Wow great kill. Who gives a ****...yes you can build a faster car...and for more money ect. But is that not the point of some of us doing what we do?...cause we know there are faster cars to be built or bought out there...that is not what it is always about...you are missing the point here kids. It is using what you have... it is driving what you like....

Its and old VW!... and seriously...Z06 or not...that **** is fuuuuuunnnyyy:thumbup::thumbup:


Kinda funny I was juuuust talking about situations like this....
http://forums.vwvortex.com/showthread.php?4992977-Mandrel-bent-exhaust-in-WA...who-does-it


Funny vid...good post:thumbup:


----------



## dub_slug (May 12, 2008)

My GTI was built with my owns two hands( and a few others) ....Not bought with a stack of mid-life crisis cash 

Hope to have more videos up soon!


----------



## Juiced6 (Feb 1, 2004)

dub_slug said:


> My GTI was built with my owns two hands( and a few others) ....Not bought with a stack of mid-life crisis cash
> 
> Hope to have more videos up soon!


i built my first one - found it cheaper to buy them so thats what i did the next time


----------



## dub_slug (May 12, 2008)

Yea I'll probably be buying my third vrt as well. But i was referring more to those people who buy a corvette or something with a similar price tag....

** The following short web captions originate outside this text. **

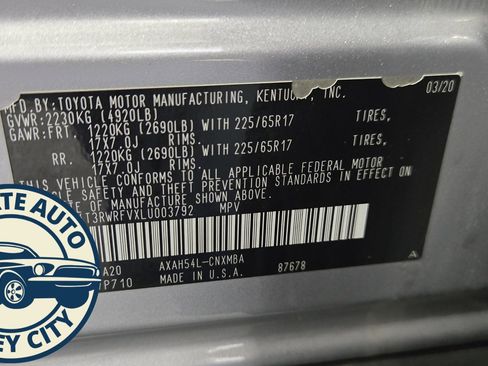 Used 2020 Toyota RAV4 XLE image 21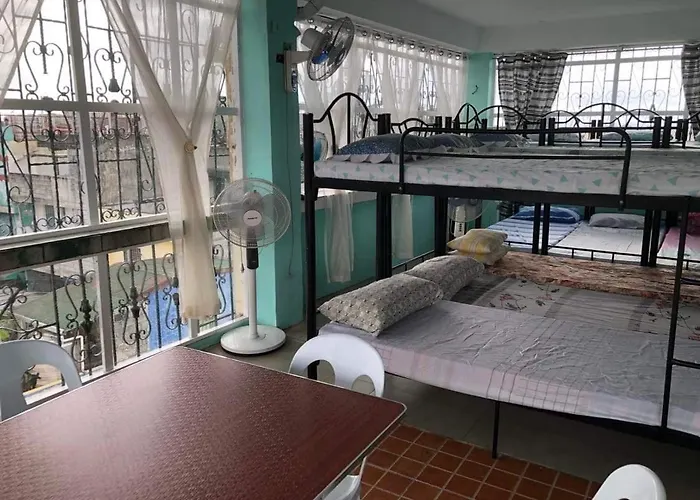 The Mansion - Backpackers Near Airport Appartamento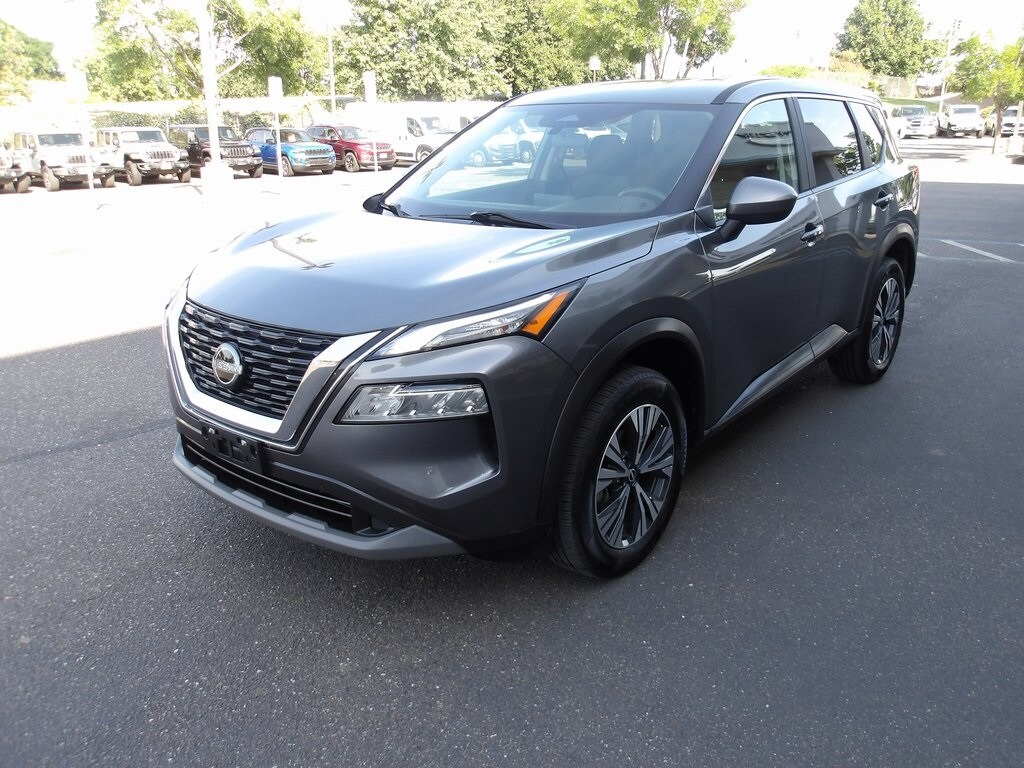 2023 Nissan Rogue SV photo 4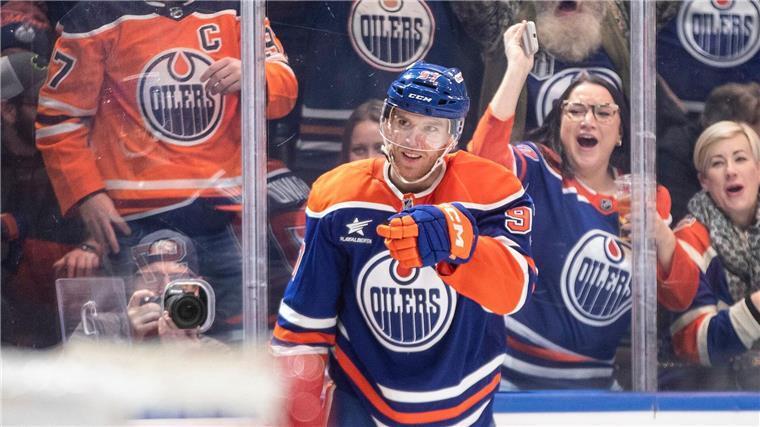 Oilers gewinnen erneut – Connor McDavid erreicht Meilenstein Connor McDavid erreicht mit seinem 1000. Scorer-Punkt einen Meilenstein.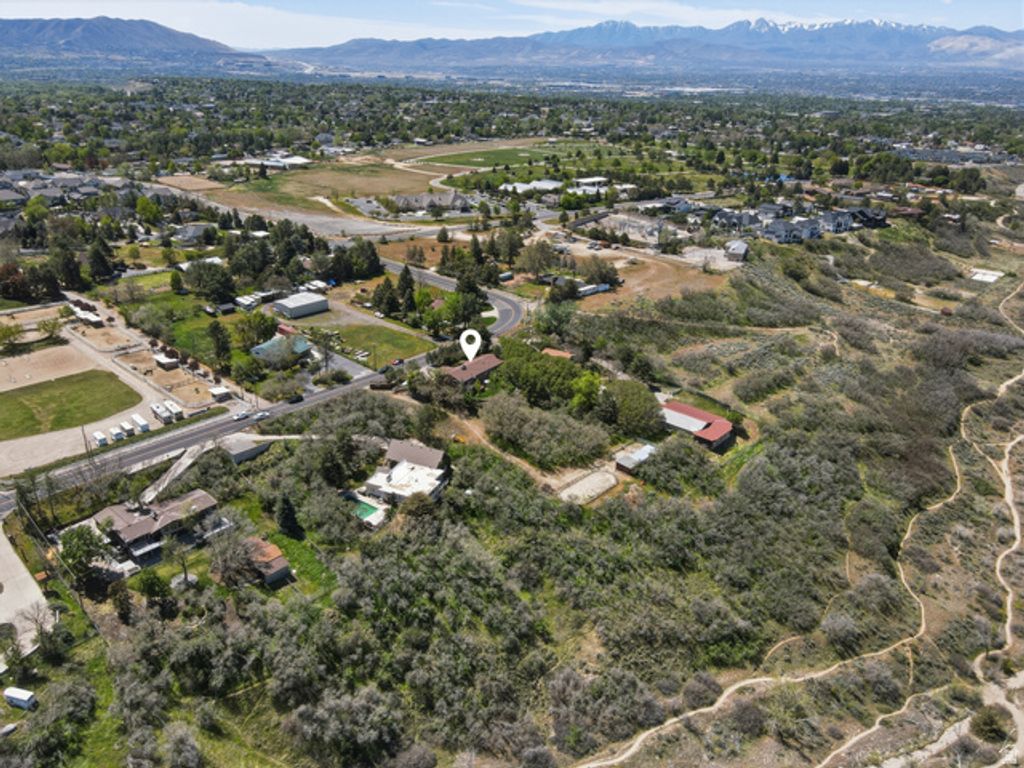 Image 49 of property listing at 2025 E DIMPLE DELL RD, Sandy, UT 84092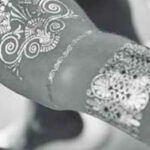 wundervolle metallic schimmernde Flashtattoos (© Great Lengths)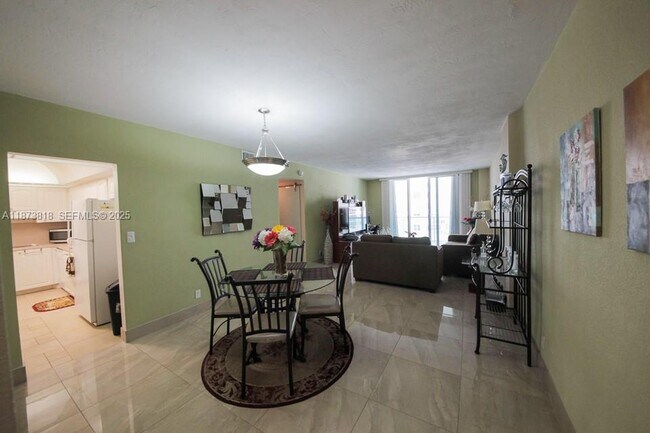 Building Photo - 3801 S Ocean Dr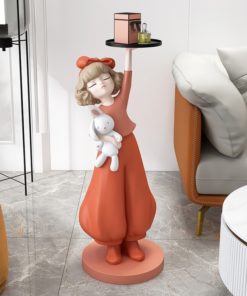 Tượng cô gái bưng khay để cạnh sofa phòng khách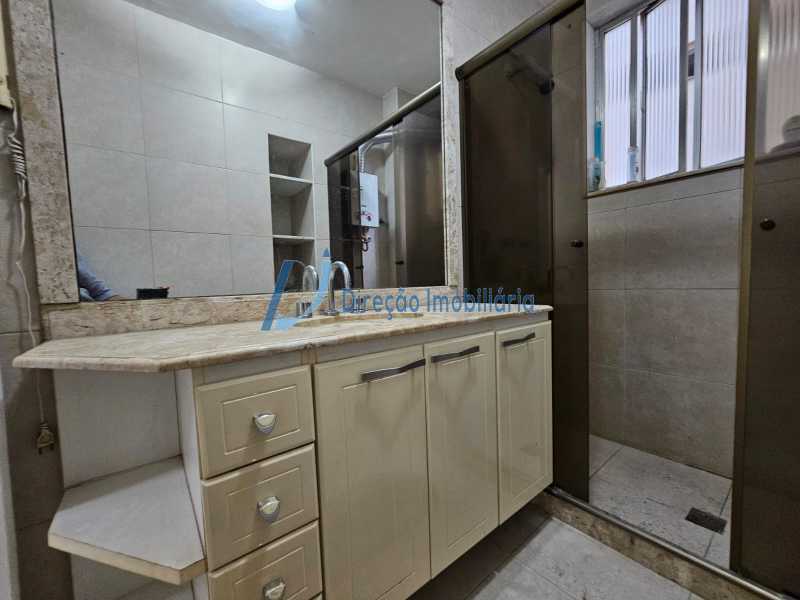 Apartamento à venda com 4 quartos, 219m² - Foto 20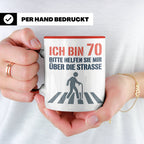 Tasse 70. Geburtstag lustig Ich bin 70 helfen Sie mir, Gesch – Rot [farbe:rot]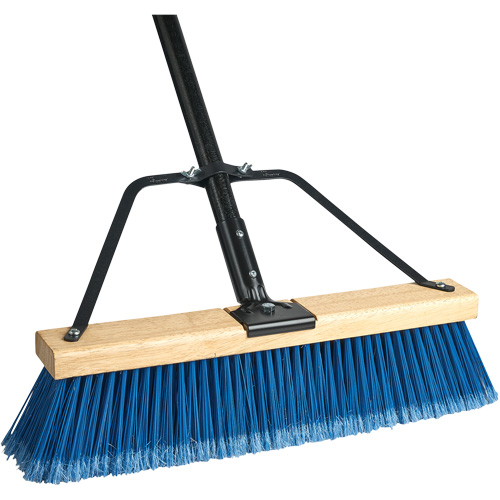 Balai-brosse &agrave; manche renforc&eacute; Ryno, 36", Fin, Soies PVC Nia-Chem Ltd.
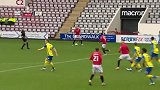 第47分钟莫克姆球员库尼射门 - 打偏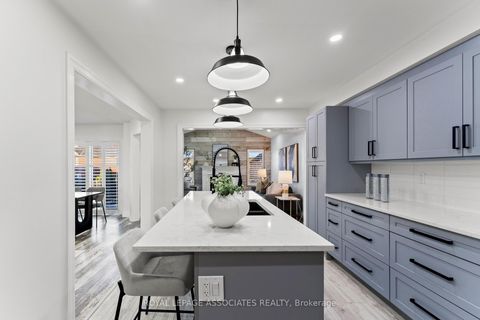 Photo 4 at 1156 Edward Bolton Crescent, Pinecrest, Oshawa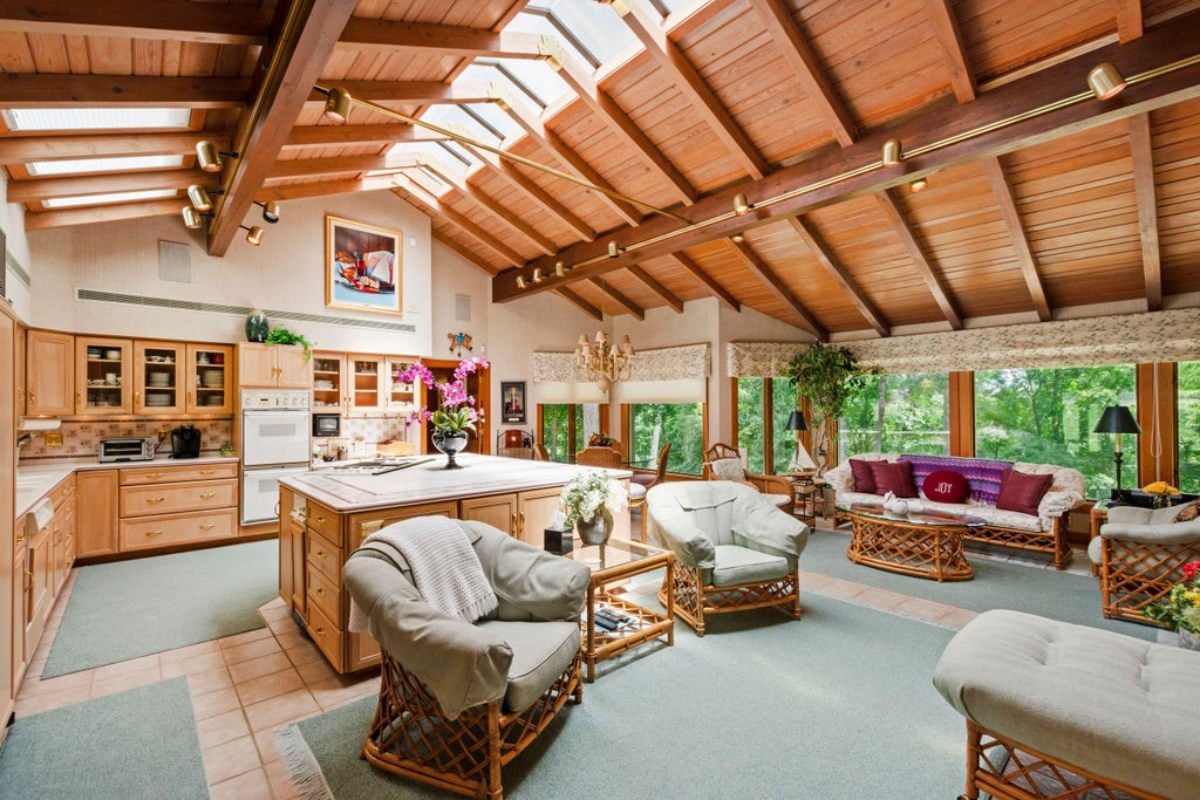 9,655 Sq. Ft. Mansion in Chapel Hill, NC ($5,400,000)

**** you can buy a used .:R and turbo that for cheaper than a vette


----------



## colovw (Aug 27, 2007)

Trying to figure out which road you're on. 287?


----------



## Juiced6 (Feb 1, 2004)

dub_slug said:


> Yea I'll probably be buying my third vrt as well. But i was referring more to those people who buy a corvette or something with a similar price tag....
> 
> 
> **** you can buy a used .:R and turbo that for cheaper than a vette


yeah but the vette has a warranty 

my dad wants to get rid of his 55 210 to buy a newer vette just because he doesnt want to mess with it any more:screwy:

i know a doctor who had my old shop build a tsi awd - car mad 440whp and was just a beast of a car

his son would take it and bring it back with something wrong

after 2 years of BS (and a blown engine) he bought an STI and said he was done with hot rods


they have their place - just not as fun 

then again my brothers and myself almost bought one of those drag pack mopar challengers or ford cobra jets to go drag racing


----------



## dub_slug (May 12, 2008)

Different strokes for different fokes :thumbup: 
I would get rid of that tsi as well, that doctors son went from one crappy awd car to another bwahaha


----------



## 976-RADD (May 29, 2003)

There's nothing like baiting american muscle, just to leave them in the dust.


----------



## Juiced6 (Feb 1, 2004)

dub_slug said:


> Different strokes for different fokes :thumbup:
> I would get rid of that tsi as well, that doctors son went from one crappy awd car to another bwahaha


it was a fun car and i bought a tsi just to put the spare parts on he threw away:laugh:

but sold it long before i got it running


----------



## dub_slug (May 12, 2008)

Cool.


----------



## colovw (Aug 27, 2007)

Still trying to figure out where you were at. 287 around Berthoud/ Loveland?


----------



## Ld7w_VR (Apr 21, 2006)

:thumbup:


----------



## dub_slug (May 12, 2008)

colovw said:


> Still trying to figure out where you were at. 287 around Berthoud/ Loveland?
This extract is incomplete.